Today we also celebrated our 100 day old son with a tradition called お食い初め (okuizome), a ritual to promote healthy eating as he eventually transitions to solid foods.
He liked the new ramen the best. #future👋
I had a dream last night that I fed a regular customer my new recipe and they hated it. They begged and begged for me to go back to something from the old menu. I woke up in a sweat! Haha. For weeks now I’ve just been imaging what the new bowl of ramen would taste like, look like, smell like and going through plenty of different iterations in my head without even knowing if they would actually work.
With Tomiz starting to come together nicely, it was finally my turn to get some quality kitchen time. Remember, I’ve never made this recipe before and I’m just semi-blindly going off of what I’ve seen in old ramen books with snippets of Eifukucho Taishoken’s recipe. Here goes!
Woah.
Now that’s golden!
I’m speechless. That was pretty damn close to ET sans pork.
I have a lot to do but can’t do it yet. The more I think about all the scenarios, the more I begin to stress about all the possible outcomes. Less than a week away from soft open and I still haven’t committed to a menu. Partly because I haven’t been able to test it yet, but also because I can’t. Hopefully tomorrow will be the day I can get into the kitchen and just grind. Fingers crossed.
No tonkotsu. That part of my mind is made up. Chicken Chintan will be the main soup for the shoyu ramen but it will be like no other stock I’ve made before. My goal is to make an Eifukucho Taishoken style shoyu without using any pork bones or lard. But I can’t really say much else. I don’t know how it will end up looking either. Most likely simple.
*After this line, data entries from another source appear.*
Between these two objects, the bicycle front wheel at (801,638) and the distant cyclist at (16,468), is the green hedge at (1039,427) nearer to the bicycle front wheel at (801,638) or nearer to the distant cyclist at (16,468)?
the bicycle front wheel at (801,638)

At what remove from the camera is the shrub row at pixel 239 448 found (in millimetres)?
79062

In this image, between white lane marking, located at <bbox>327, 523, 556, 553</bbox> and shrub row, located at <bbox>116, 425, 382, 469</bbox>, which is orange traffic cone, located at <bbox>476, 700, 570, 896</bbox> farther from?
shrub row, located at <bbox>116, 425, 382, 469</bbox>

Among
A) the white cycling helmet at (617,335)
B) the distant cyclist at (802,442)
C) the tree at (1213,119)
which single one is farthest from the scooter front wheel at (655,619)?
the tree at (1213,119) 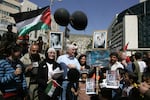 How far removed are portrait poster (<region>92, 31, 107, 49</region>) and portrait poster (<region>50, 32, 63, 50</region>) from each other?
117 cm

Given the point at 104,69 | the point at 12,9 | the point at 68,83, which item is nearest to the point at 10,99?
the point at 68,83

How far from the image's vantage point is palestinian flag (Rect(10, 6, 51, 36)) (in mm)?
9562

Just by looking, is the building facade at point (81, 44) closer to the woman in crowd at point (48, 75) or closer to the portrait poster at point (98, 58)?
the portrait poster at point (98, 58)

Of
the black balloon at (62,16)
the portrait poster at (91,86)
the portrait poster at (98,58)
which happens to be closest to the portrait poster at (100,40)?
the portrait poster at (98,58)

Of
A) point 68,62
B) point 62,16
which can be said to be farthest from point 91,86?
point 62,16

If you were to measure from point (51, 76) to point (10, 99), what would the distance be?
1.50 metres

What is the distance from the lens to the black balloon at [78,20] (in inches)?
305

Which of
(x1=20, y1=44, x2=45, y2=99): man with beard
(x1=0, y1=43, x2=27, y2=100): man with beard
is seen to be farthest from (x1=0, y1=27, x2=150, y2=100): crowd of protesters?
(x1=0, y1=43, x2=27, y2=100): man with beard

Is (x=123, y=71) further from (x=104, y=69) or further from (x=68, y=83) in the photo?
(x=68, y=83)

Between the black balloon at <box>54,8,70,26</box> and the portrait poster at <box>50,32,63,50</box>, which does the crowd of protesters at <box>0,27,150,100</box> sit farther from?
the portrait poster at <box>50,32,63,50</box>

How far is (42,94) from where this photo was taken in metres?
6.96

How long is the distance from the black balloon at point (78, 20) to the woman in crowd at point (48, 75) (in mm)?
1150

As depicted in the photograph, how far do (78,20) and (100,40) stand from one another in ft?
3.32

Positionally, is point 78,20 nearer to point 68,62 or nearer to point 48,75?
point 68,62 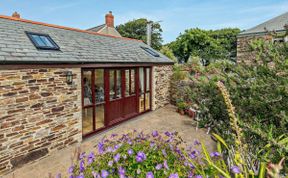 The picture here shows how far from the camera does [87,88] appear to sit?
23.7 ft

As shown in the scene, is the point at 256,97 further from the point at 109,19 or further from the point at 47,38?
the point at 109,19

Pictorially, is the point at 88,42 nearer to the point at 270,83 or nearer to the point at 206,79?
the point at 206,79

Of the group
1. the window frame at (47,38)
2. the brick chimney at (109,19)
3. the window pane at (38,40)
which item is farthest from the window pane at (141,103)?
the brick chimney at (109,19)

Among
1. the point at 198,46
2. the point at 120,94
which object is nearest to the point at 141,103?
the point at 120,94

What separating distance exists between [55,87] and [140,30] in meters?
39.2

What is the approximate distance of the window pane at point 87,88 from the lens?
703 cm

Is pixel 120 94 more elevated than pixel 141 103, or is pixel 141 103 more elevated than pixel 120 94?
pixel 120 94

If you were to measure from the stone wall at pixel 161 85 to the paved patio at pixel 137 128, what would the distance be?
1.54 ft

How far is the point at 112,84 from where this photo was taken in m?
8.12

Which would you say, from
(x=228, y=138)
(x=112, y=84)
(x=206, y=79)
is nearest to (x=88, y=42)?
(x=112, y=84)

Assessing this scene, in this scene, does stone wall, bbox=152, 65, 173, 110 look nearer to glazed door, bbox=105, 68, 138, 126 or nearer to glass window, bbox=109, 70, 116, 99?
glazed door, bbox=105, 68, 138, 126

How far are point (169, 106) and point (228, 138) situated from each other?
920 cm

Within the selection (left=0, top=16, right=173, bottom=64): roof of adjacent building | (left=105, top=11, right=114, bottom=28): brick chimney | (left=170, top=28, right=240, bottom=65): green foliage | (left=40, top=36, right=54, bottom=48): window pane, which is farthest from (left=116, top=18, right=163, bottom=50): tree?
(left=40, top=36, right=54, bottom=48): window pane

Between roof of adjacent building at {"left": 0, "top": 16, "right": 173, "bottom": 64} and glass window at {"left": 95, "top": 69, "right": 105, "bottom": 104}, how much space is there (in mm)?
547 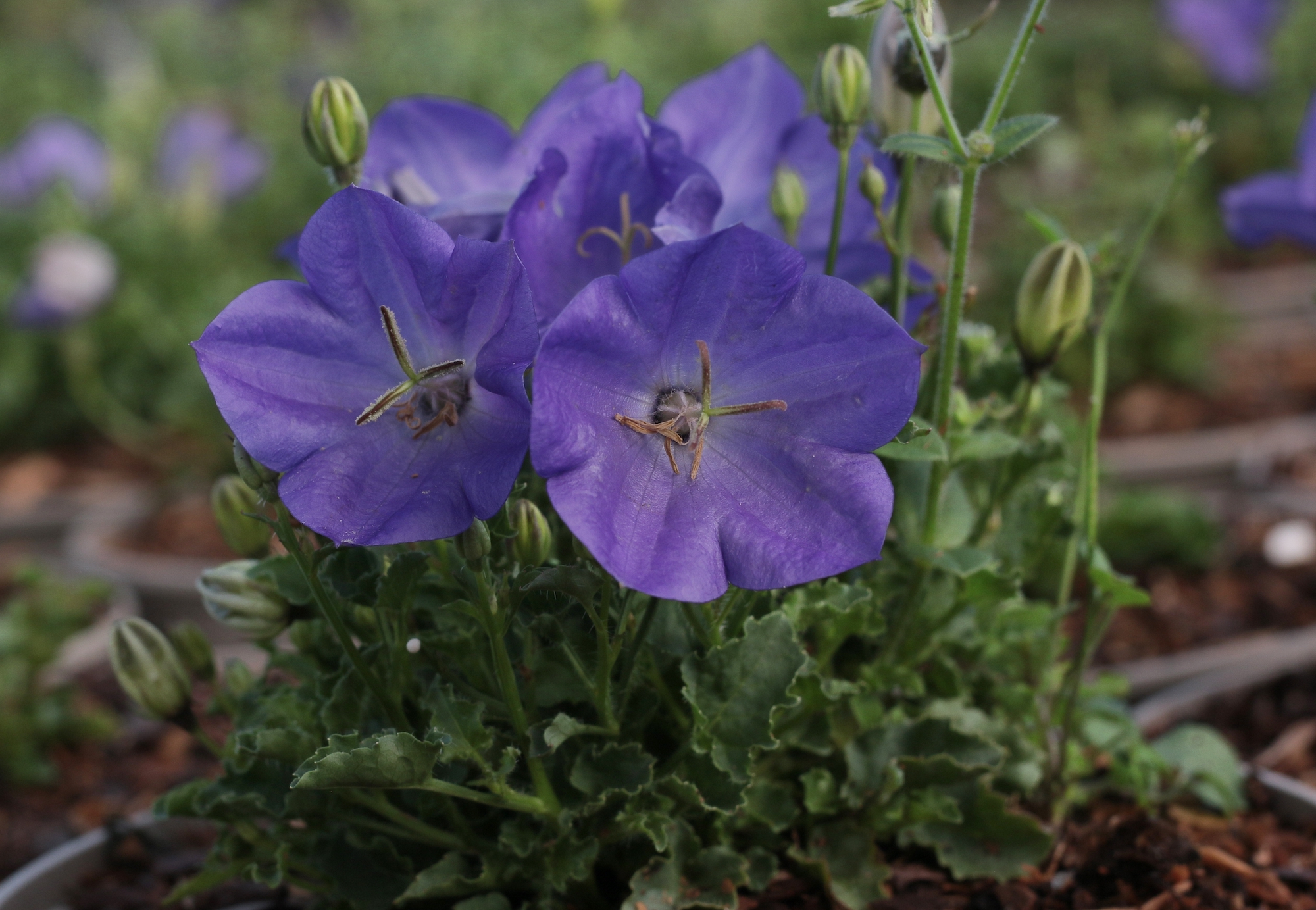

No truffle, no sous vide chashu, no fancy garnishes. Just old-school-inspired future–the rebirth of shoyu.
The plan is to also have a vegetarian option and a Tsukemen option but those may not be ready in time for soft open. Or will they? Like I said, so many questions.
The bowls are custom made from Japan. I actually had them ordered before I closed shack in March and never got to use them. Now I get to use them.
And these are the noodles of the future.
It’s 2020 so why not go for the gold! A big part of this Tomiz collaboration happening is because of my long-time designer friend, Yoshiaki Takao, who has worked on the design for almost every restaurant I’ve been involved with, thought that Ramen Shack would be perfect here. Thanks Yoshi san!
In theory, Tomiz will be a cafe and bakery during the day and change into Ramen Shack at night with the cafe side still operational, meaning you can continue to purchase bakery goods and beverages and yes the matcha soft serve too. On weekends we will share the space for lunch and dinner.
So why Ramen Shack Gold? Honestly, I’m not so sure. Haha. When I was in Japan a few weeks ago, Yoshi San and I were discussing a different color logo that would match the Tomiz interior. So inspired by some Edo period black and gold signs I saw in Tokyo, I played around with making the shack logo similar. And once I did it just looked too perfect.
My next challenge will be to create a new menu and start from scratch. Sure, I can just make the menu that everyone fell in love with before, but I think it’s time for a change. A time to create a new story for this sequel of a shack. Yeah it could flop, but I’ll learn a lot in the process. Are you ready?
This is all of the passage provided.